## Exam-Style Questions on Modelling## Problems on Modelling adapted from questions set in previous Mathematics exams. |

## 1. | IB Applications and Interpretation |

In a fantasy story the power value of a dream catcher varies depending on its length. The power values of various dream catchers are recorded in the following table:

Length, \(x\) cm | 0 | 10 | 15 |

Power, \(p\) W | 0 | 12 | 22 |

This information was used to create Model A, where \(p\) is a function of \(x\) , \(x \ge 0\).

Model A: \(p(x) = ax^2 + bx\) , where \(a,b \in \mathbb{Z}\).

When the length is 10 cm, Model A can be represented by the equation 50a + 5b = 6.

(a) Write down a second equation to represent Model A, when the length is 15cm.

(b) Find the values of a and b.

(c) Find the coordinates of the vertex of the graph of \(y = p(x)\).

(d) Using the values in the table and your answer to part (c), sketch the graph of \(y = p(x)\) for \(0 \le x \le 15\) and \(0 \le p \le 22\).

Additional data was used to create Model B, a revised model for the power of a dream catcher.

Model B: \(p(x) = 0.06x^2 + 0.68x\)

(e) Use Model B to calculate an estimate for the power of a dream catcher of length 18cm.

The actual power of a dream catcher of length 18cm is 30 W.

(f) Calculate the percentage error in the estimate in part (e).

## 2. | IB Standard |

A Big Wheel at an amusement park has a diameter of length 70 metres which rotates at a constant speed.

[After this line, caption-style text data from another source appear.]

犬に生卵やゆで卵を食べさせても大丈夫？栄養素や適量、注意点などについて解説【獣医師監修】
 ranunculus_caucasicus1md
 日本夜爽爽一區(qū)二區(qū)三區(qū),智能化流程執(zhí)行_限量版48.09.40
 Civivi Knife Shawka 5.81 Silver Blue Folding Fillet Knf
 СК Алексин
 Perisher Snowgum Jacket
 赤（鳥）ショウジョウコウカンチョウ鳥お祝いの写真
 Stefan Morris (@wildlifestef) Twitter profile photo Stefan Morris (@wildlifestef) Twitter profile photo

The bottom of the wheel is h metres above the ground. A seat starts at the bottom of the wheel.The wheel completes one revolution in 4 minutes. [The diagram is not to scale]

(a) After 2 minutes, the seat is 76m above the ground. Find h.

(b) After t minutes, the height of the seat above ground is given by \(f(t) =41+ k \cos{ \frac{\pi t}{2}} \) for \(0 \le t \le 16 \).

Find the value of k.

(c) Find when the seat is 40 m above the ground for the third time.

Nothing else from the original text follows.